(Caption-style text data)
--------------------

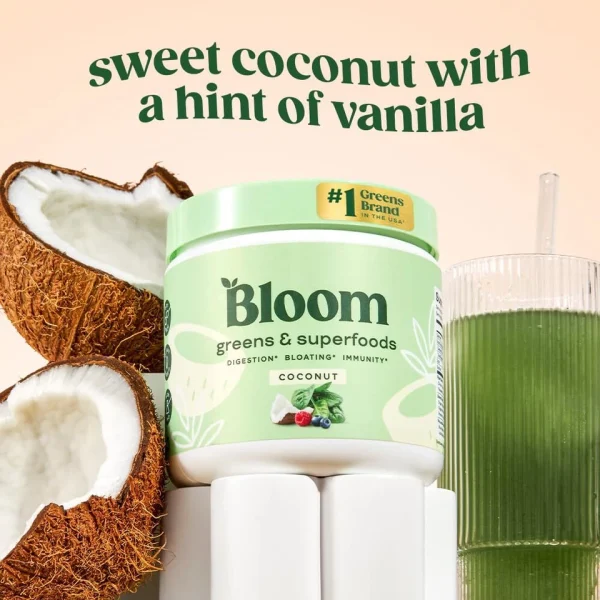 Bloom Nutrition Greens & Superfoods Powder, for Digestive Health, Coconut, 30 Servings - Image 8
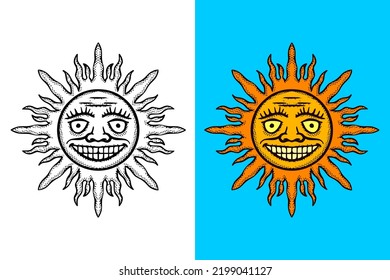 Sun face Illustration hand drawn cartoon vintage style vector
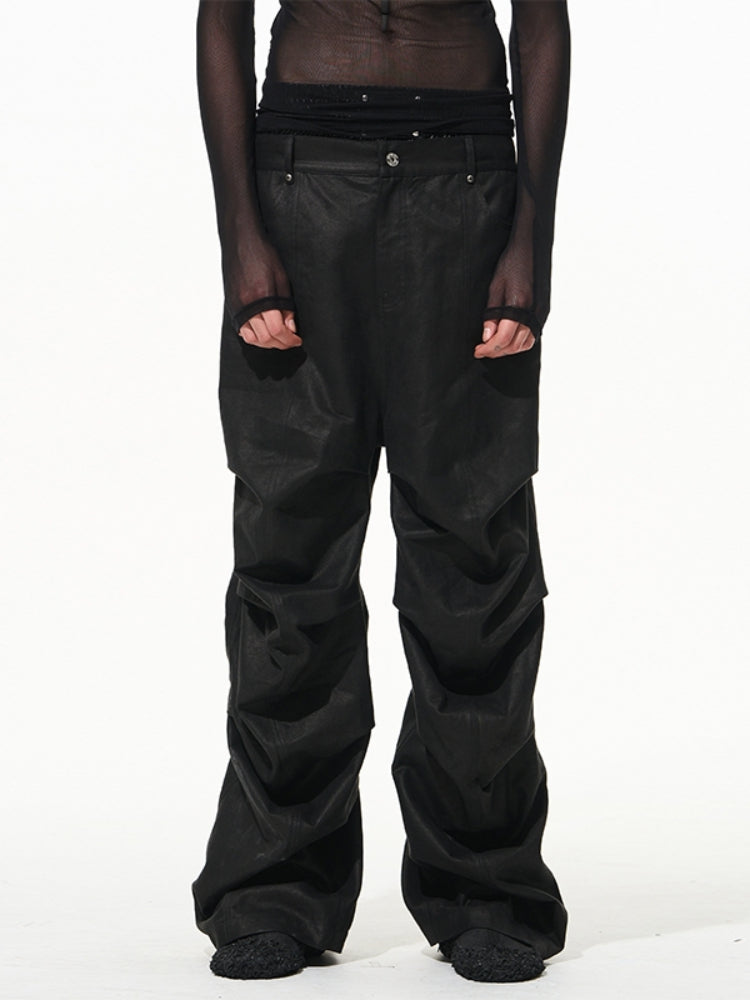 Black Crescent Pleat Cargo Pants - CHINASQUAD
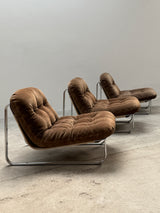 BROWN SUEDE & CANVAS LOUNGE CHAIRS IN CHROMED STEEL FRAME & COFFEE TABLE, 1960s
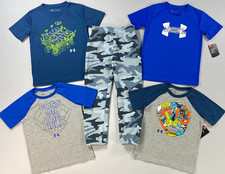 Little Boy's Under Armour Lot of 5 UA Shirts Camo Sweatpants Size 6 NEW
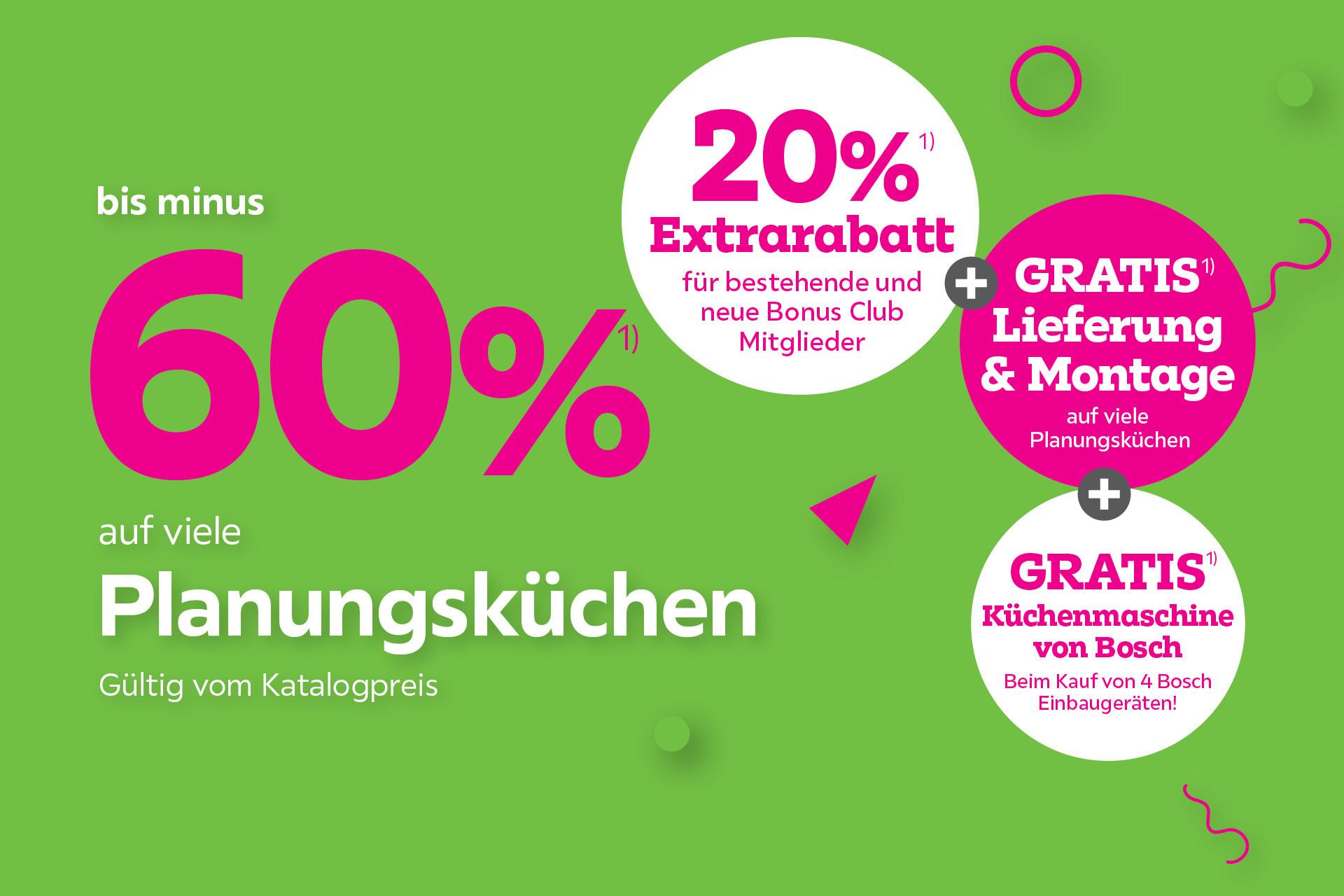 bis minus 60% auf viele Planungsküchen + 20% Extrarabatt + Gratis Lieferung & Montage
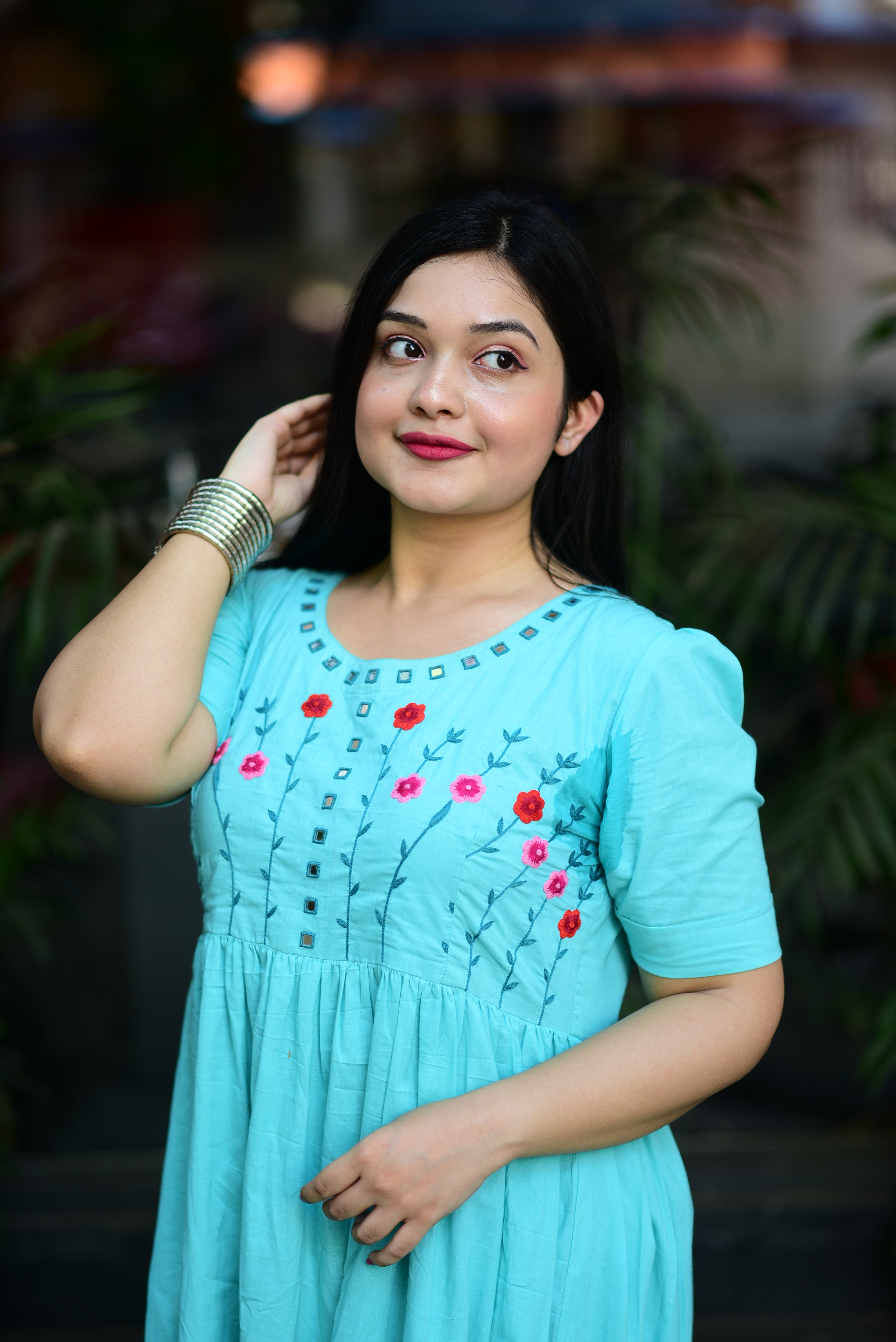 Hand Embroidered Cotton Midi Dress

--------------------

> _WORK TO COMPLETE_
Please write out all of the data verbatim, with no pictures in the copy.

> _WRITTEN SOLUTION_
 Bloom Nutrition Greens & Superfoods Powder, for Digestive Health, Coconut, 30 Servings - Image 8
 Sun face Illustration hand drawn cartoon vintage style vector
 Black Crescent Pleat Cargo Pants - CHINASQUAD
 BROWN SUEDE & CANVAS LOUNGE CHAIRS IN CHROMED STEEL FRAME & COFFEE TABLE, 1960s
 Little Boy's Under Armour Lot of 5 UA Shirts Camo Sweatpants Size 6 NEW
 bis minus 60% auf viele Planungsküchen + 20% Extrarabatt + Gratis Lieferung & Montage
 Hand Embroidered Cotton Midi Dress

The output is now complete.